- Your objective
Lines from the line with "this 500×375 image." to the line with "this 500×750 image." in the entries below, and only those, must be output exactly, with both ends included.

- Extracted entries

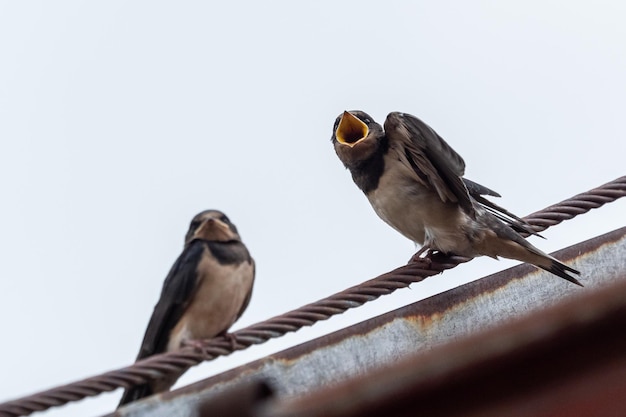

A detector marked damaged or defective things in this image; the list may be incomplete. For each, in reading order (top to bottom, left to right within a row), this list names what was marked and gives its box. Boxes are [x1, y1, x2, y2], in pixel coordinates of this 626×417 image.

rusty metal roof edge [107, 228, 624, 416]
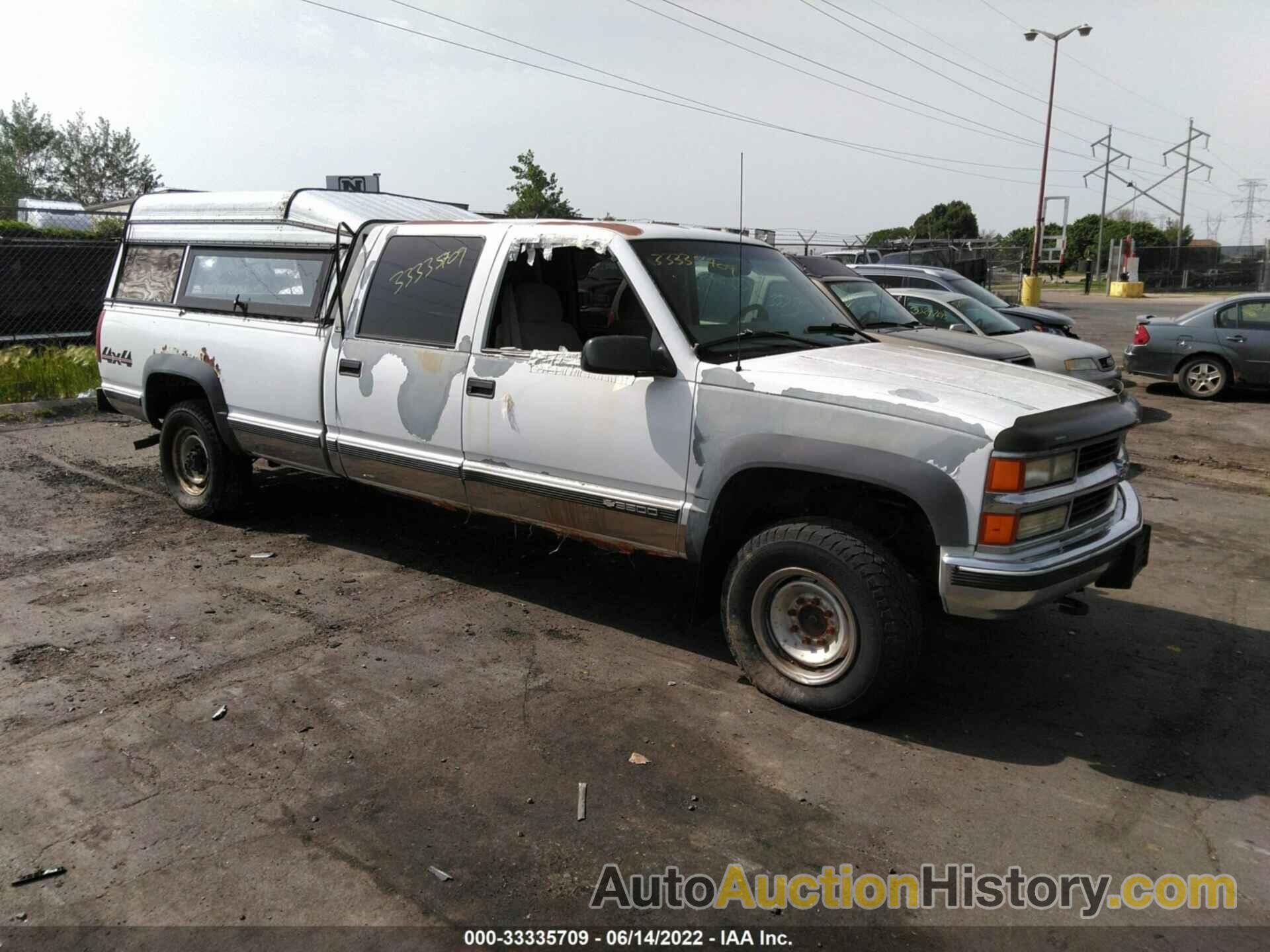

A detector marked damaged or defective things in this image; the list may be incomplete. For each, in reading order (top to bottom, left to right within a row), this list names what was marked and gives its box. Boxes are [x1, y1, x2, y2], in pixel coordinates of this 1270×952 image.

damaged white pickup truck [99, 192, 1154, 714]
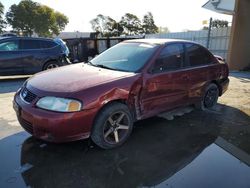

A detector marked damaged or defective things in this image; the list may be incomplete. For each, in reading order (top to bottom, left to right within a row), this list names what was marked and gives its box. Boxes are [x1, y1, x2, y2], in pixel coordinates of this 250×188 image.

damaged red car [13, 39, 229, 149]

==

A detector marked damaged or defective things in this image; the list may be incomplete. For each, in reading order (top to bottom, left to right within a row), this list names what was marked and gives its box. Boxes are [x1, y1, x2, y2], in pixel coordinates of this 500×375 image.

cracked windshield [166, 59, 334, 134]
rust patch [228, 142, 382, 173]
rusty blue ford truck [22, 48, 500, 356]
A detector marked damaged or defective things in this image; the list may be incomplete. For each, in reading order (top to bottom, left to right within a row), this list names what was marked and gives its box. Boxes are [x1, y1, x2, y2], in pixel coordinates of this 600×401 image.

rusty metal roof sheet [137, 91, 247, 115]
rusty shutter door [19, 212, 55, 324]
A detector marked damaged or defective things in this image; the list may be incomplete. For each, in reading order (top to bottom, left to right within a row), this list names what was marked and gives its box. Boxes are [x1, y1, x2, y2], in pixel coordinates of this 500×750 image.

- Expected answer
A detector marked damaged or defective things in this image; the list may be incomplete. For each, in reading order (top to bottom, left to right within a row), this list names what was marked and gives its box. Boxes are [x1, y1, x2, y2], in pixel coordinates of this 500×375 image.

cracked windshield [166, 59, 334, 134]
rust patch [228, 142, 382, 173]
rusty blue ford truck [22, 48, 500, 356]
A detector marked damaged or defective things in this image; the list may be incomplete. For each, in reading order (top to bottom, left to right within a row), this list names what was marked and gives its box. Boxes are [x1, y1, x2, y2], in pixel coordinates of this 600×401 image.

rusty metal roof sheet [137, 91, 247, 115]
rusty shutter door [19, 212, 55, 324]
A detector marked damaged or defective things in this image; the list may be incomplete. For each, in reading order (top to bottom, left to right within a row), this list names what was marked and gives its box. Boxes are [x1, y1, x2, y2], in pixel coordinates of this 500×750 image.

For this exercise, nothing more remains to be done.